Em países temperados, como nos EUA e na Europa, as baixas temperaturas e a pouca insolação no outono e no inverno limitam a atividade fotossintética das plantas de 90 a 120 dias, entre primavera e verão. Uma única colheita por ano de cereais, beterraba, canola… para biocombustíveis, tudo de ciclo curto, é pouco sustentável em termos energéticos.
Em 2023, a agropecuária garantiu 32,7% da matriz energética do Brasil, ou 102,7 milhões de toneladas equivalentes de petróleo (TEP). Por ordem de importância, contribuem com a parte renovável da matriz energética a cana-de-açúcar, ao fornecer etanol para veículos, gás biometano e cogeração de energia elétrica com o bagaço da cana; as florestas energéticas de eucalipto, ao fornecerem lenha e carvão; os óleos vegetais, sobretudo da soja, e o sebo de boi, ao entrarem na composição do biodiesel; os resíduos agrícolas e florestais (licor preto, palha de arroz, cavacos, biogás de dejetos animais…), ao gerarem calor e energia elétrica.
A contribuição da cana-de-açúcar (etanol, biometano e cogeração do bagaço) na matriz energética brasileira em 2023 foi de 16,9%, bem superior aos 12,1% de todas as hidroelétricas no mesmo período! Quando cresce a demanda por açúcar, um alimento, aumenta a produção de bagaço e energia pela cana.
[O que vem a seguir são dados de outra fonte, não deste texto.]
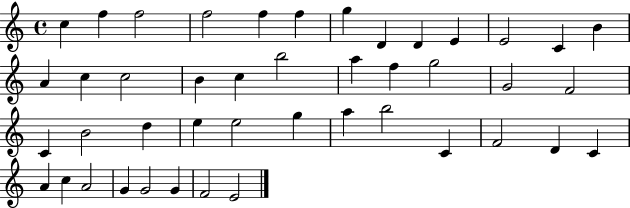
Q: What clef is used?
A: treble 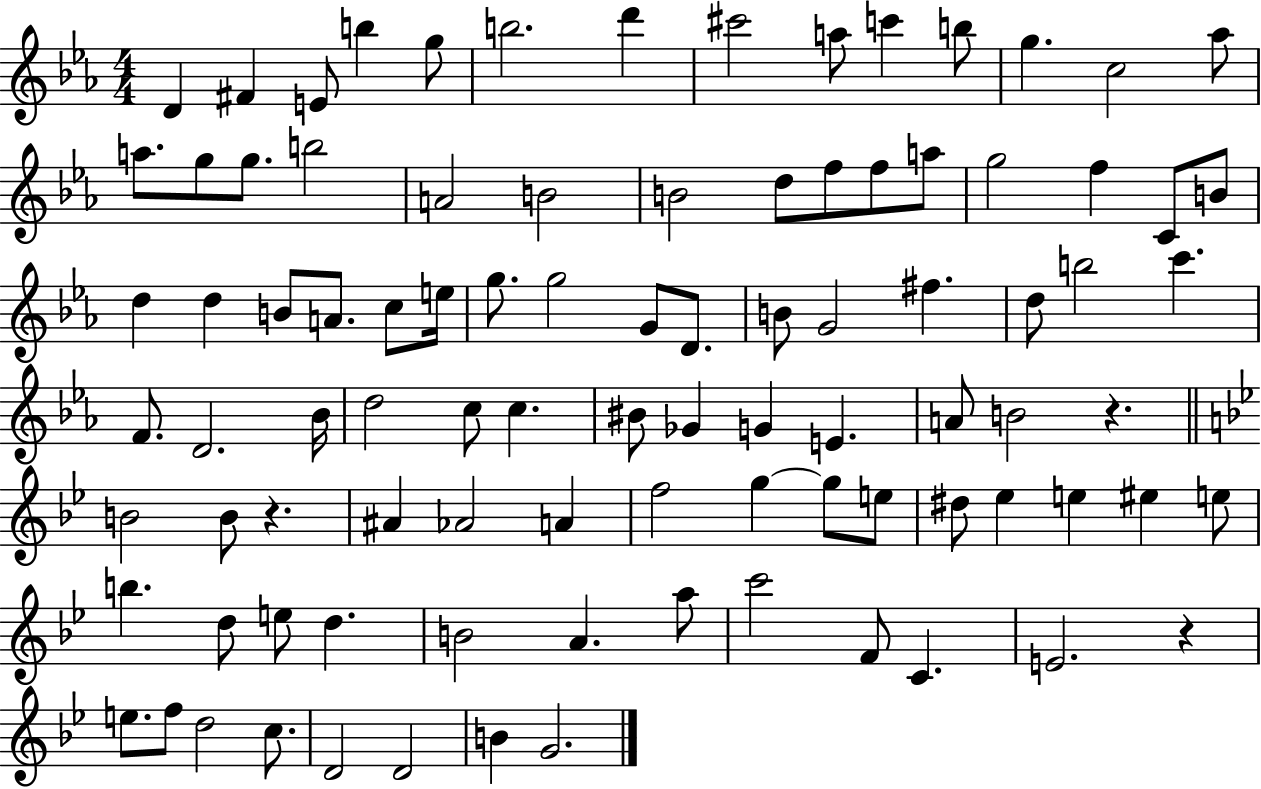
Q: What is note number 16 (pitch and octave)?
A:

Lenha e carvão vegetal são produzidos por florestas energéticas plantadas, essencialmente eucalipto, e utilizados desde por siderúrgicas de ferro gusa e aço verde, passando por usos industriais e domésticos, até por pizzarias. As siderúrgicas brasileiras Gerdau, Aperam, ArcelorMittal e Vallourec são as maiores consumidoras de carvão vegetal. Maior produtor mundial, o Brasil atingiu 24,2 milhões de metros cúbicos em 2023. Substitutos do carvão mineral, lenha e carvão contribuíram com 8,6% da matriz energética em 2023, o dobro dos aportes das energias eólica (2,6%) e solar (1,7%).
No sistema de transporte, o consumo do etanol combustível cresceu 5,4% em relação a 2022 e atingiu 32,1 bilhões de litros em 2023. Além do etanol da cana-de-açúcar, o de milho não para de crescer e representou 15,8% da produção total, um crescimento de 18,1% em relação a 2022. O uso do etanol ou sua adição à gasolina contribuem na melhoria da qualidade do ar nas aglomerações urbanas.
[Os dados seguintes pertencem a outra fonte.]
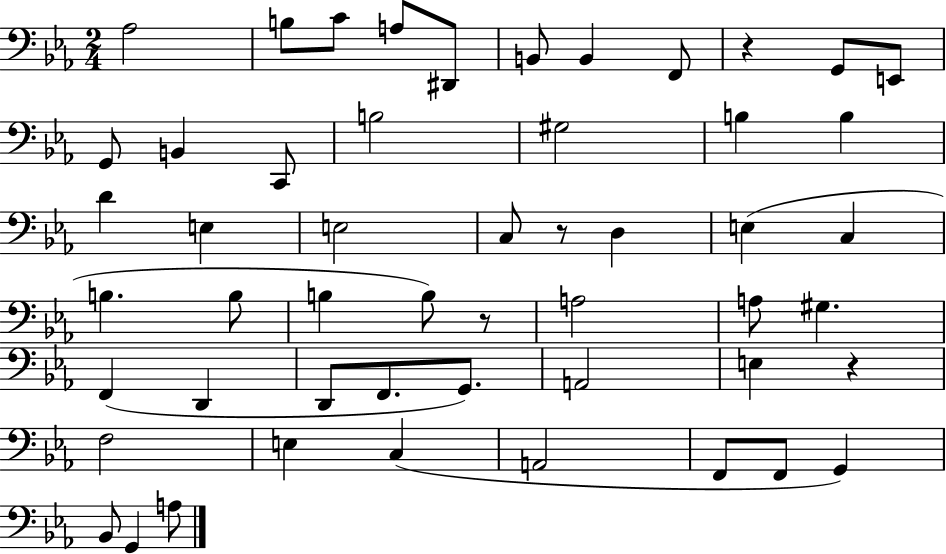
X:1
T:Untitled
M:2/4
L:1/4
K:Eb
_A,2 B,/2 C/2 A,/2 ^D,,/2 B,,/2 B,, F,,/2 z G,,/2 E,,/2 G,,/2 B,, C,,/2 B,2 ^G,2 B, B, D E, E,2 C,/2 z/2 D, E, C, B, B,/2 B, B,/2 z/2 A,2 A,/2 ^G, F,, D,, D,,/2 F,,/2 G,,/2 A,,2 E, z F,2 E, C, A,,2 F,,/2 F,,/2 G,, _B,,/2 G,, A,/2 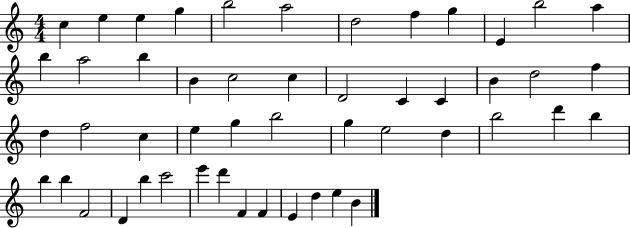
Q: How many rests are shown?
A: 0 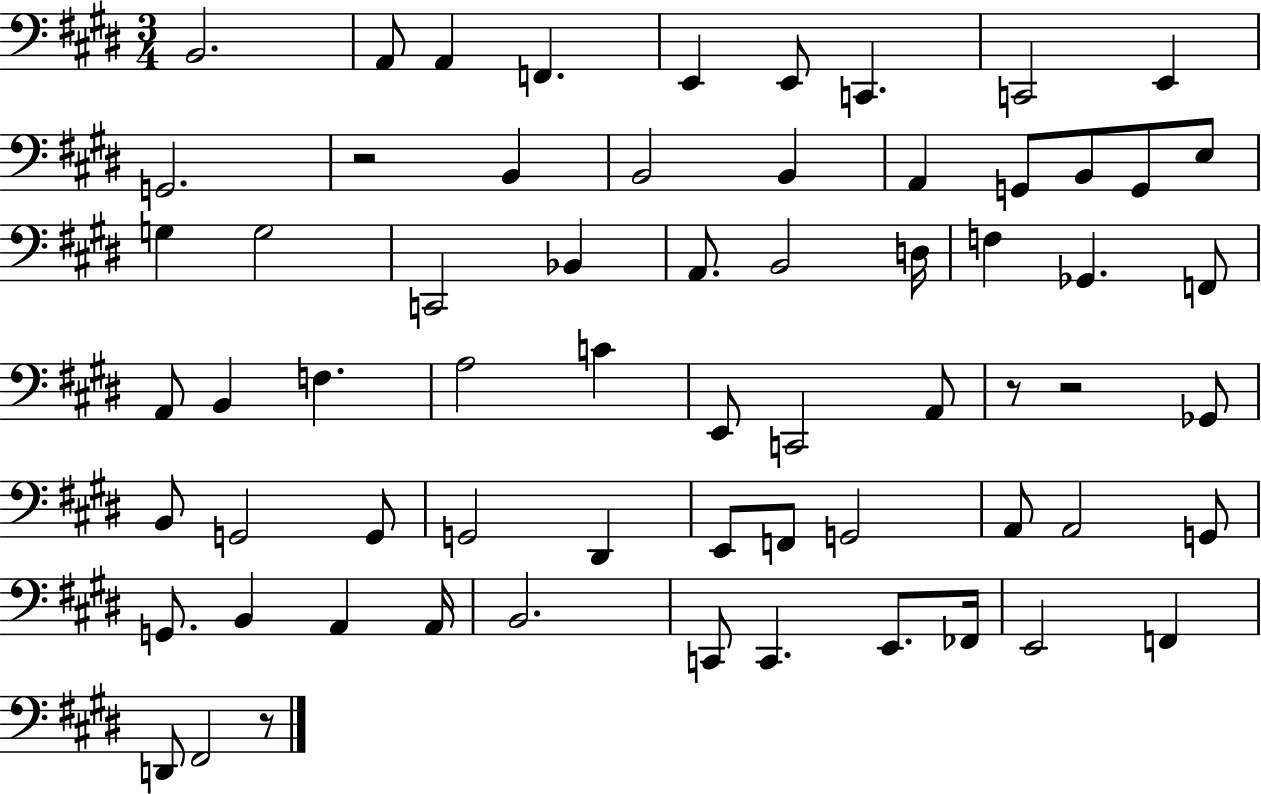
X:1
T:Untitled
M:3/4
L:1/4
K:E
B,,2 A,,/2 A,, F,, E,, E,,/2 C,, C,,2 E,, G,,2 z2 B,, B,,2 B,, A,, G,,/2 B,,/2 G,,/2 E,/2 G, G,2 C,,2 _B,, A,,/2 B,,2 D,/4 F, _G,, F,,/2 A,,/2 B,, F, A,2 C E,,/2 C,,2 A,,/2 z/2 z2 _G,,/2 B,,/2 G,,2 G,,/2 G,,2 ^D,, E,,/2 F,,/2 G,,2 A,,/2 A,,2 G,,/2 G,,/2 B,, A,, A,,/4 B,,2 C,,/2 C,, E,,/2 _F,,/4 E,,2 F,, D,,/2 ^F,,2 z/2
Outro combustível renovável produzido pela agricultura é o biodiesel. As matérias-primas mais usadas são óleo de soja (80%) e sebo de boi (20%). O Brasil é um dos maiores produtores de biodiesel. Seu consumo crescente é favorecido pela política de adição desse combustível renovável ao diesel fóssil. Seu uso alcança todos os ônibus, caminhões, tratores e outros utilitários. Muitos não se dão conta. Pior: alguns ainda falam contra soja e bois em seus discursos ecológicos!
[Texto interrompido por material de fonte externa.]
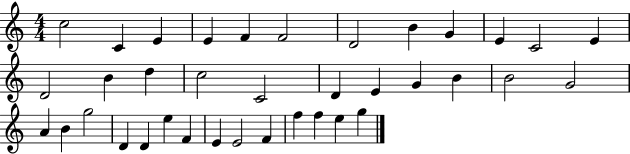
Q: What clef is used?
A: treble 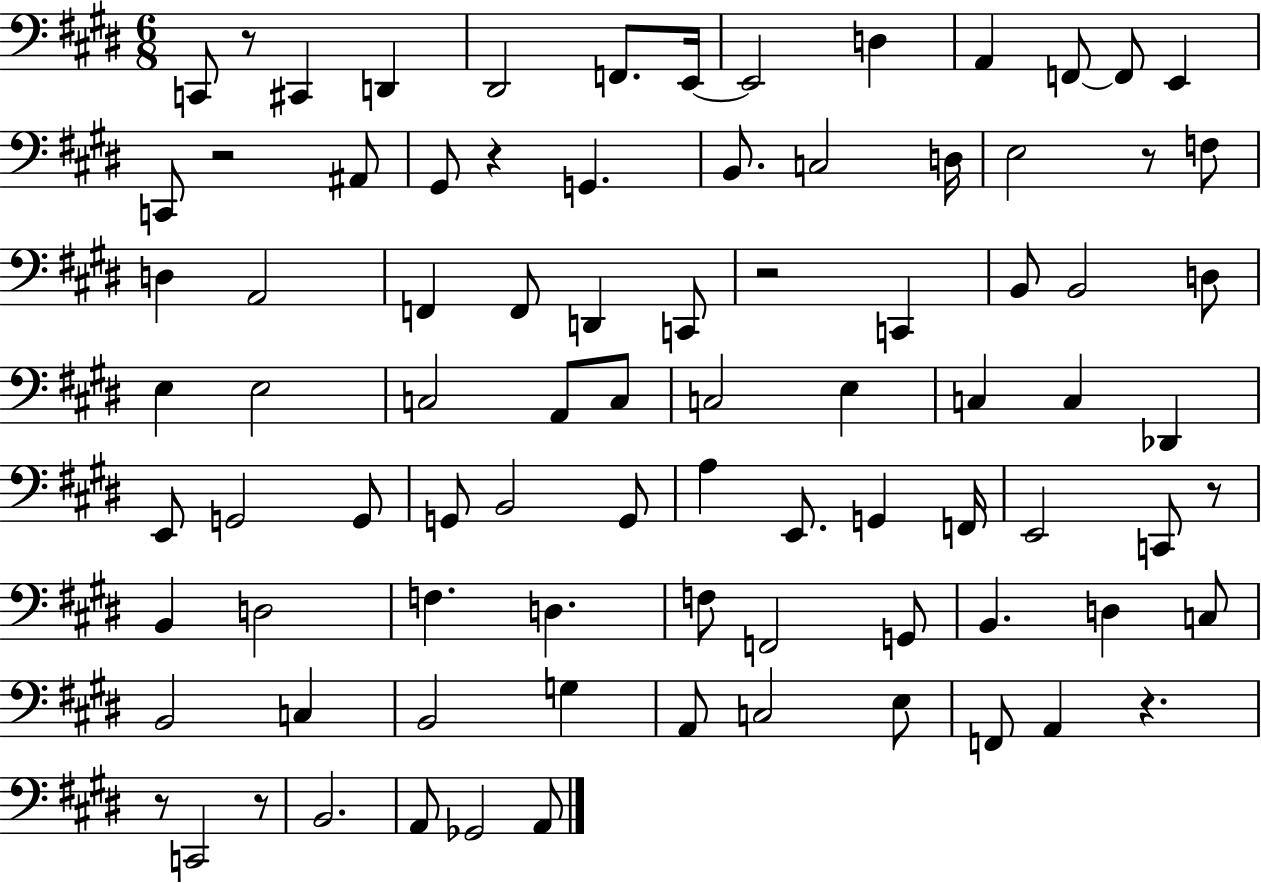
{
  \clef bass
  \numericTimeSignature
  \time 6/8
  \key e \major
  c,8 r8 cis,4 d,4 | dis,2 f,8. e,16~~ | e,2 d4 | a,4 f,8~~ f,8 e,4 | \break c,8 r2 ais,8 | gis,8 r4 g,4. | b,8. c2 d16 | e2 r8 f8 | \break d4 a,2 | f,4 f,8 d,4 c,8 | r2 c,4 | b,8 b,2 d8 | \break e4 e2 | c2 a,8 c8 | c2 e4 | c4 c4 des,4 | \break e,8 g,2 g,8 | g,8 b,2 g,8 | a4 e,8. g,4 f,16 | e,2 c,8 r8 | \break b,4 d2 | f4. d4. | f8 f,2 g,8 | b,4. d4 c8 | \break b,2 c4 | b,2 g4 | a,8 c2 e8 | f,8 a,4 r4. | \break r8 c,2 r8 | b,2. | a,8 ges,2 a,8 | \bar "|."
}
A Lei Combustível do Futuro ampliou a demanda. Em 2025, o teor de biodiesel será de 15% no diesel e chegará a 25% até 2035. Isso exigirá um volume de óleo de soja 296% superior ao utilizado em 2023. Há 12 anos, a produção de biodiesel era de apenas 2,4 bilhões de litros. Em 2024, foram produzidos 9,3 bilhões de litros de biodiesel. A produção deverá alcançar 12,3 bilhões de litros em 2027. A capacidade de esmagar soja da indústria passará dos atuais 59,8 milhões de toneladas para 72,1 milhões em 2027. O processamento industrial aumentará mais de 11 mil toneladas/dia até 2027.
Em 2023, biodiesel, licor preto e outros subprodutos da biomassa de uso energético representaram 7,2% na matriz energética brasileira. Um valor superior, por exemplo, ao da participação do carvão mineral (4,4%).
A eficiência da agropecuária brasileira na produção de agroenergia é enorme. Para produzir 32,7% da oferta interna de energia, o setor agropecuário consome apenas 5% da matriz energética. Essencialmente em diesel e eletricidade. O consumo de energia da agricultura é inferior ao de qualquer outro setor da economia. Eles não geram quase nada e têm um consumo bem superior ao da agropecuária. O transporte é o maior consumidor de energia: 33% da matriz. A indústria consome 31,8%. Residências alcançam 10,7%, e serviços, 5,1%. Até o setor energético tem um consumo superior ao da agricultura, ao gerar e distribuir energia: 8,8%.
A sociedade brasileira começa a descobrir outra dimensão da agricultura: gerar energia, além de produzir alimentos e fibras. A agricultura e o setor florestal são máquinas movidas a energia solar, a não confundir com a energia fotovoltaica. A agropecuária brasileira na produção e na reciclagem (economia circular) é exemplo de geração de energia limpa, verde e solar.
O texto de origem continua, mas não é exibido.